Saturday, September 6, 2014
September 1, 2014 Issue
An intriguing form of book review is emerging at The New Yorker, one that uses personal
history as a springboard for discussion of new books. This week’s issue
contains two such pieces – Nathan Heller’s "Poison Ivy" and Adam Gopnik’s
"Heaven's Gaits." In “Poison Ivy,”
Heller talks about his college experiences as a lead-in to his consideration of
William Deresiewicz’s Excellent Sheep:
The Miseducation of the American Elite and the Way to a Meaningful Life. I
read the opening line – “I went to college early in this century, when the drug
of choice on campus was sleep deprivation” – and I was hooked. I don’t agree
with everything Heller says in the piece (he scoffs at Deresiewicz’s humanist
vision of university education, calling it “brochure balladry”), but I was charmed
by his personal approach, particularly this line:
Once, I woke up at my desk—or, more precisely, on my
desk, face down, arms splayed out, murder-in-the-study style—with a
caffeine-induced cramp freezing my left leg and the imprint of a notebook
spiral winding down my cheek.
Gopnik’s “Heaven’s Gaits” looks at two books, Matthew
Algeo’s Pedestrianism: When Watching
People Walk Was America’s Favorite Spectator Sport and Frédéric Gros’s A Philosophy of Walking. Neither book
appeals to me. But the final section of the review, a description of Gopnik’s
own affinity for walking around New York City, is a beauty. Gopnik writes,
You could walk anywhere. Saturday all day, Sunday all day,
I’d tramp through the lower-Manhattan neighborhoods. The differences,
architectural and social, among Tribeca and SoHo and the East Village, to name
only contiguous areas, were distinct and vivid and nameable then: cast-iron
buildings shading off into old egg- and paper-carton factories sweetly
interrupted by small triangular parks, and edging over, as you walked east,
into poor-law tenements that were just being reclaimed by painters.

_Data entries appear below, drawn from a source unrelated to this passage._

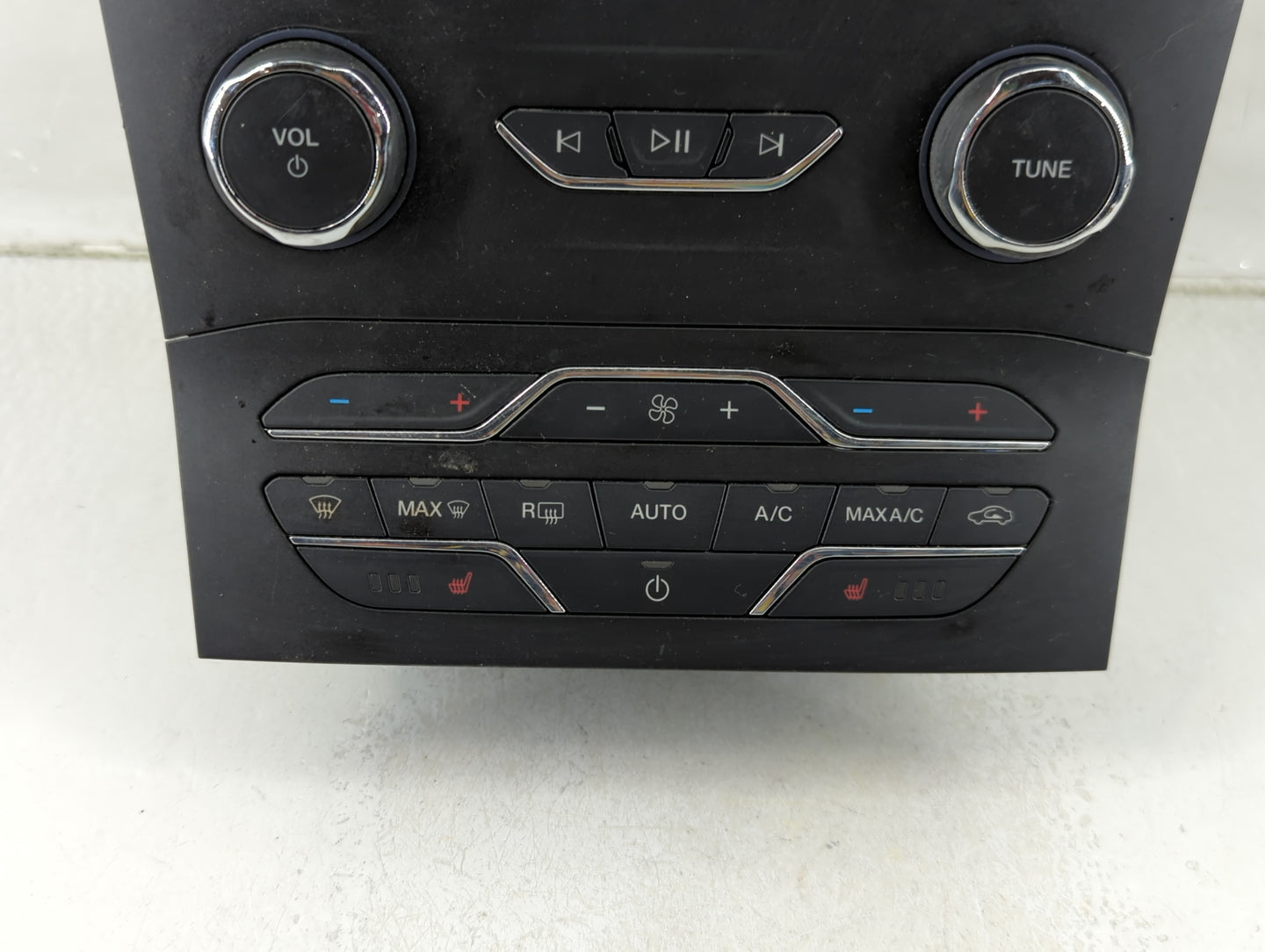 2019-2020 Ford Edge Radio Control Panel - Oemusedautoparts1.com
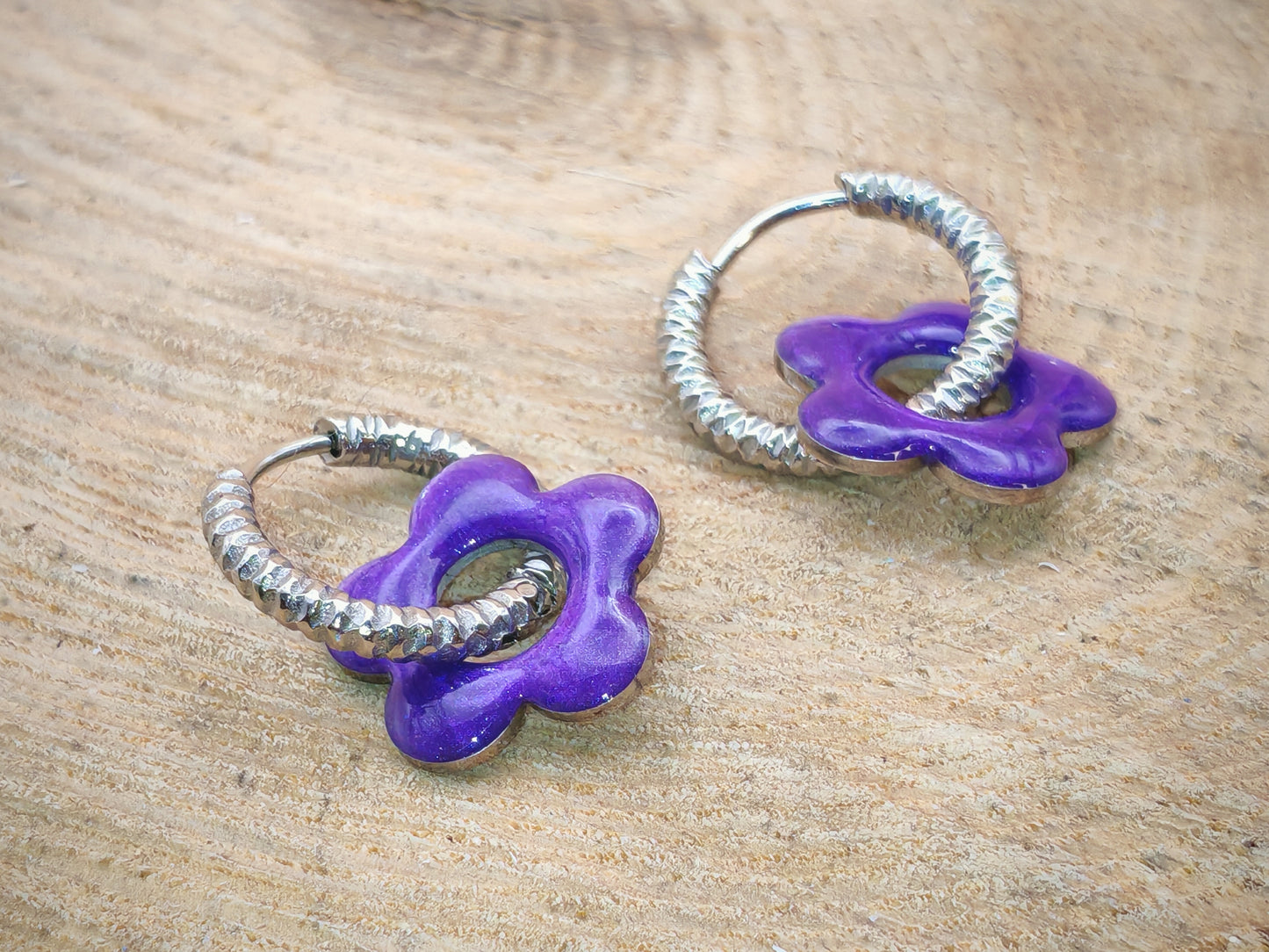 Boucles d'oreilles – Fleur violette des constellations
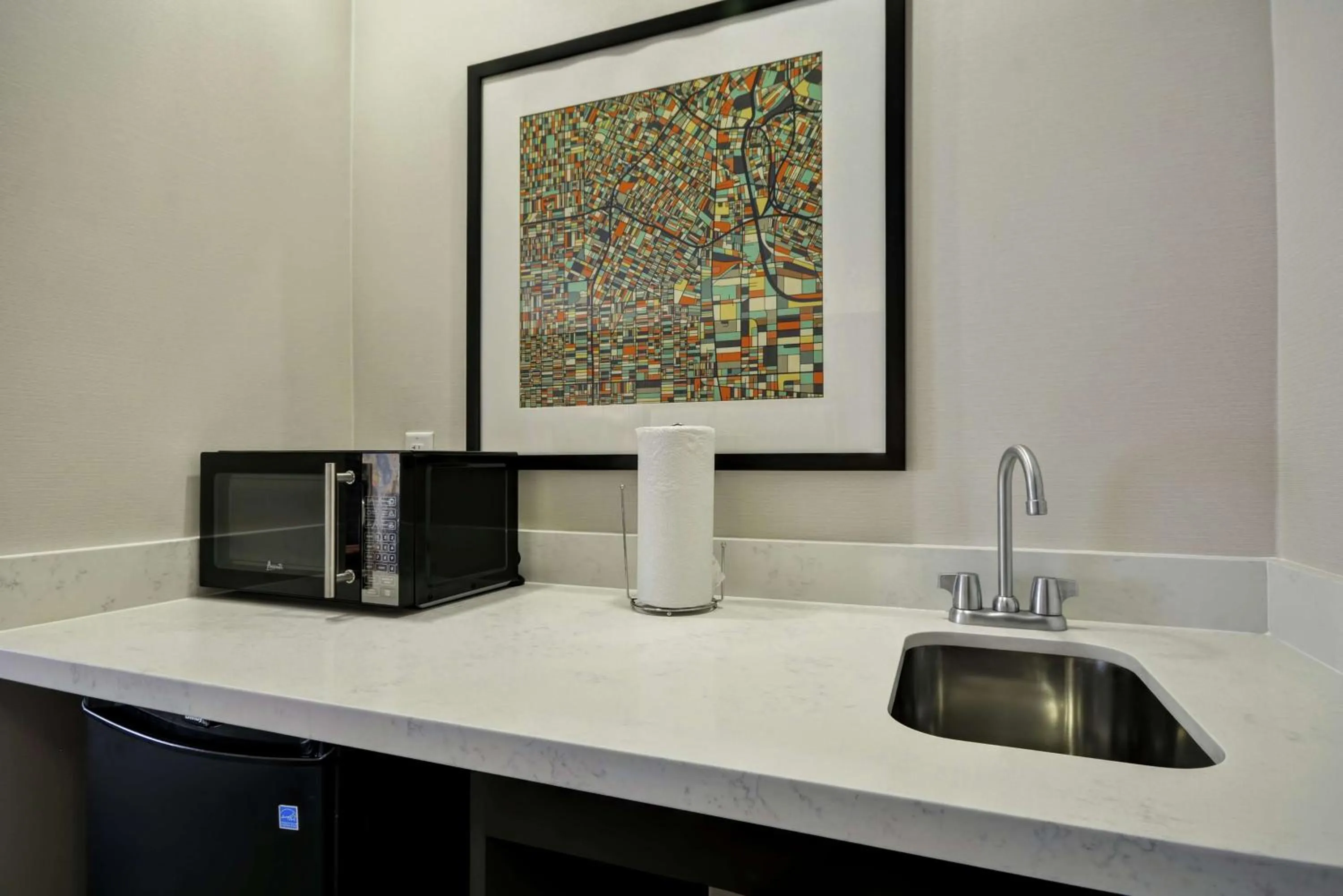 Kitchen or kitchenette in Hampton Inn & Suites Los Angeles Burbank Airport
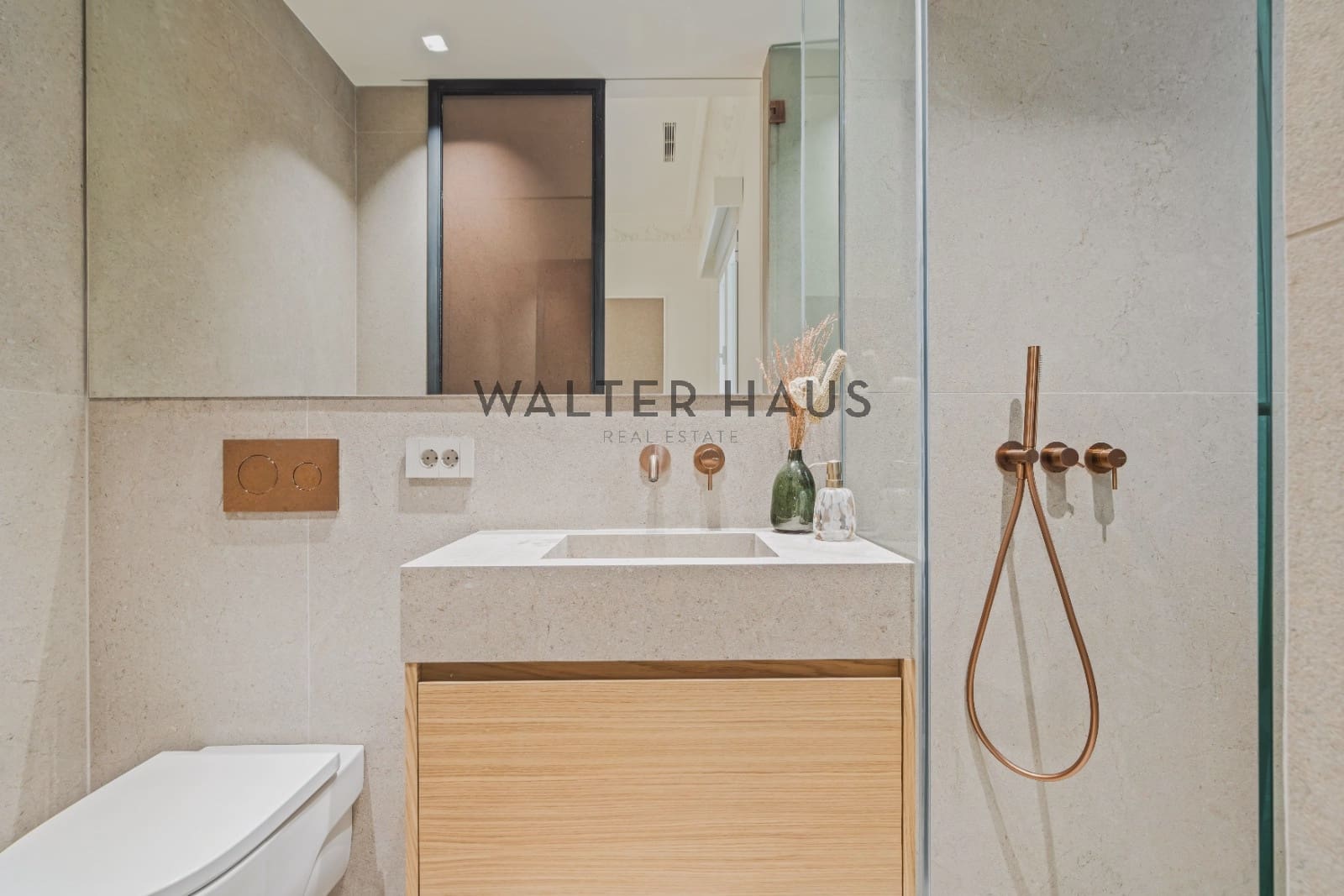 3 bedroom Flat for sale in Madrid city - € 3,550,000 (Ref: 9902252)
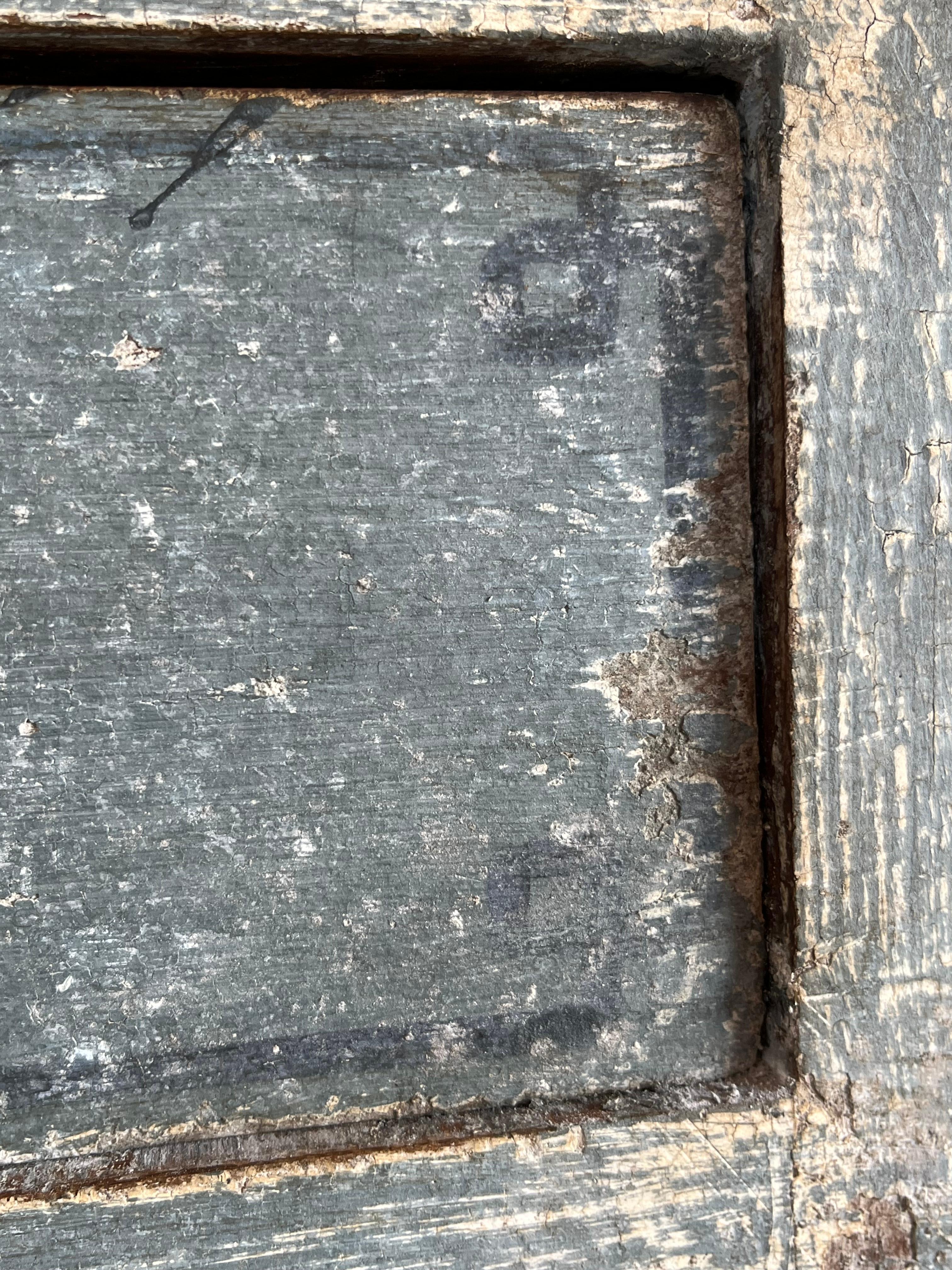 19th Century Italian Painted Neoclassical Commode / Chest Of Drawers For Sale 3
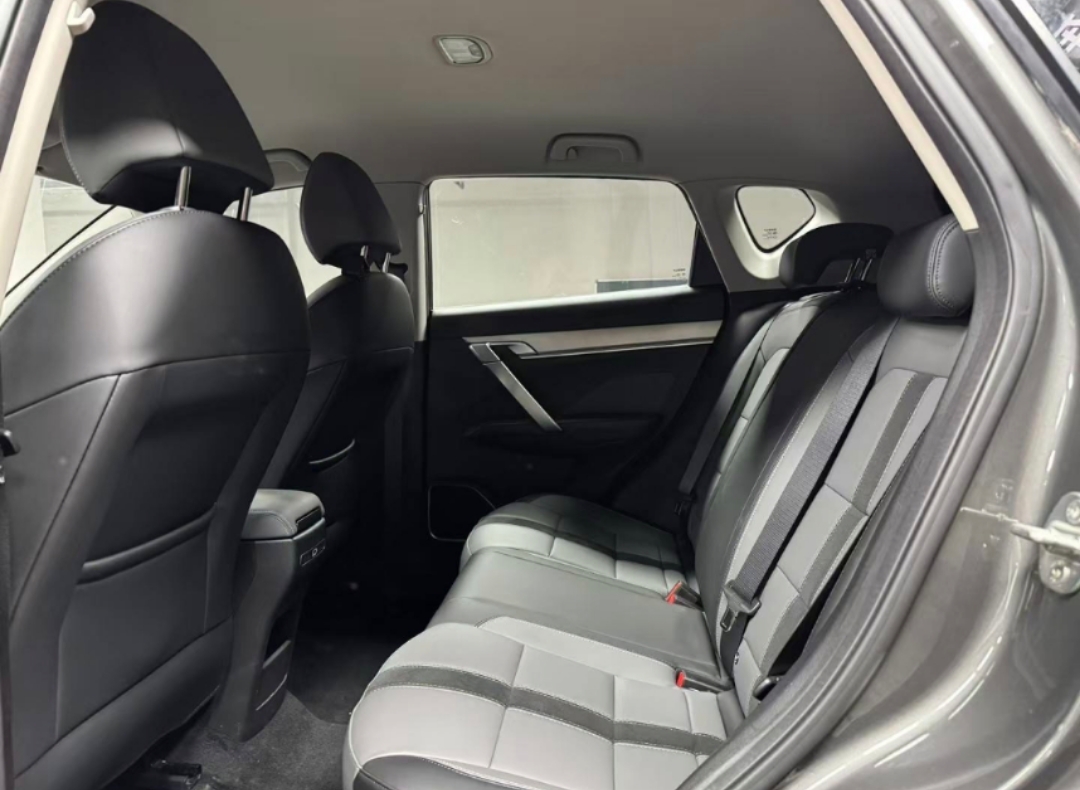 GEELY Coolray 2023 immagine di auto #5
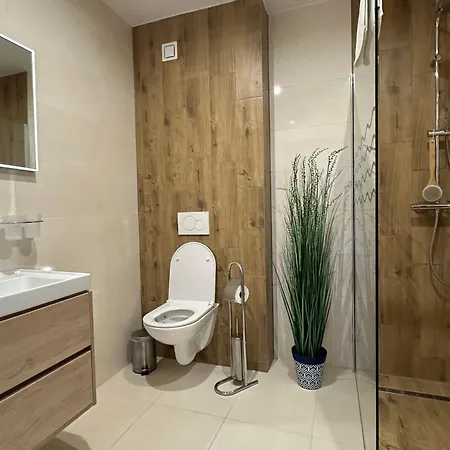 Vysoke Tatry - Isc House For 13 People With 6 Extra Bed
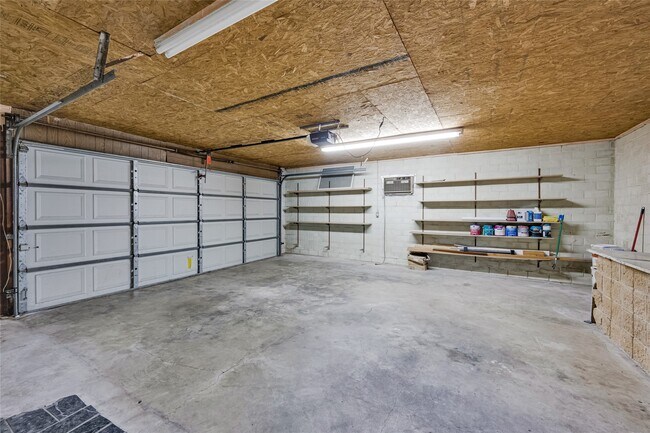 Building Photo - 501 Jerry St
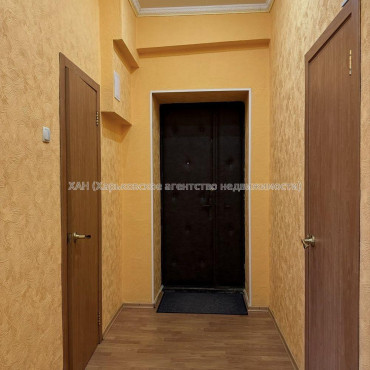Продам квартиру, Григория Сковороды ул. , 2  ком., 50.70 м², капитальный ремонт 
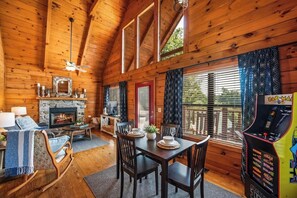 Interior - View, Location, 2 Fireplaces, Hot Tub, Honeymoon! (Sevierville)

Autobiographical critical pieces, such as Heller’s “Poison
Ivy,” his earlier, wonderful "Semi-Charmed Life" (The New Yorker, January 14, 2013), Gopnik’s “Heaven’s Gaits,” and
James Wood’s brilliant "On Not Going Home" (London
Review of Books, February 20, 2014), constitute an interesting new trend in
book reviewing. I hope it continues.